安琪儿が馬小跳のことをほめそやすのを聞いて、路曼曼は、やっかみながら
「あなたは子どものころからずっと、馬小跳のことをあがめていたけど、これからも一生、あがめていくつもり?」
と、安琪儿に聞いていた。
「それはどうか分からないわ。でも優れている点はこれからもずっと素直に認めていこうと思っているの」
安琪儿はそう答えていた。
「そうなの。わたしは馬小跳が羽目を外さないように、これまでずっと目を光らせてきたから、少々偉くなったからと言って、あがめる気持ちには少しもなれないけどね」
路曼曼がそう答えていた。
路曼曼の言葉には何か含みがあるように感じられたので、場の雰囲気が悪くならないように、毛超が話題をさっと変えて、秦先生に
「ぼくたちは毎年、こうやって、秦先生に会いに来ていますが、丁文涛は来ていますか?」
と聞いていた。
「いや、全然来ません」
秦先生がそうおっしゃっていた。
「そうですか。
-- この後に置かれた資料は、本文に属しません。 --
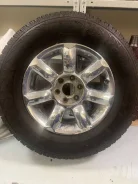 Hercules Terra Trac A/T. ����� at, 2007 ���, ����� ����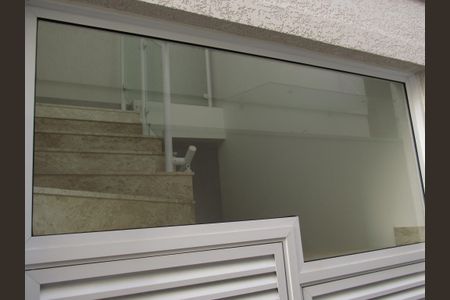 Casa à venda com 145m², 3 quartos e 4 vagasFachada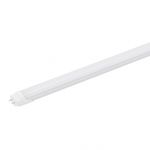 lampada-led-tubular-t8-go-g13-ledvance-6500k-240cm_03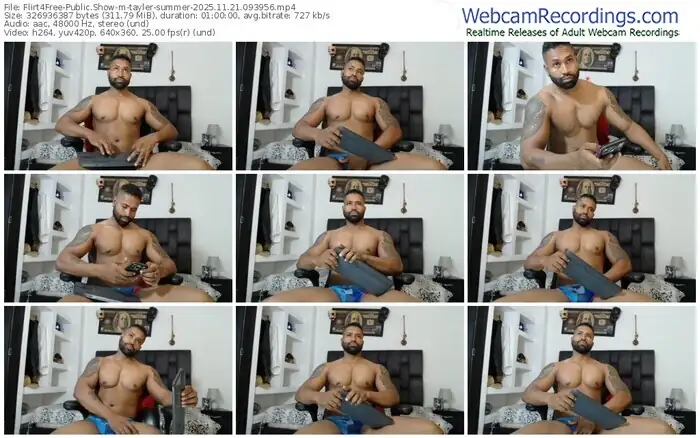 flirt4free-tayler-summer-11-21-2025-09-39-56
どうしてでしょうね。丁文涛は品行方正で優秀な学生だったから、秦先生のお気に入りの学生だったのにね」
毛超がそう答えていた。
「そうですね。わたしも丁文涛に会いたいとずっと思っています。どうして来ないのでしょうか」
秦先生は合点がいかないような顔をしておられた。
ここまで見てきて、ぼくも不思議でならなかった。丁文涛の子どものころは非の打ちどころがないほど優秀で、秦先生のおめがねにかなう学生だったそうだから、どうして大人になってからは、よそよそしい態度を取るようになったのだろうか。以前、傘紙のなかで見た十年後の夏林果の誕生日のパーティーのときに、丁文涛は大人びて見えたし、あのときも秦先生のうちには一人だけ行かなかった。あれからも一度も秦先生のうちに行っていないことを知って、ぼくは丁文涛のことが気にならずにはいられなかった。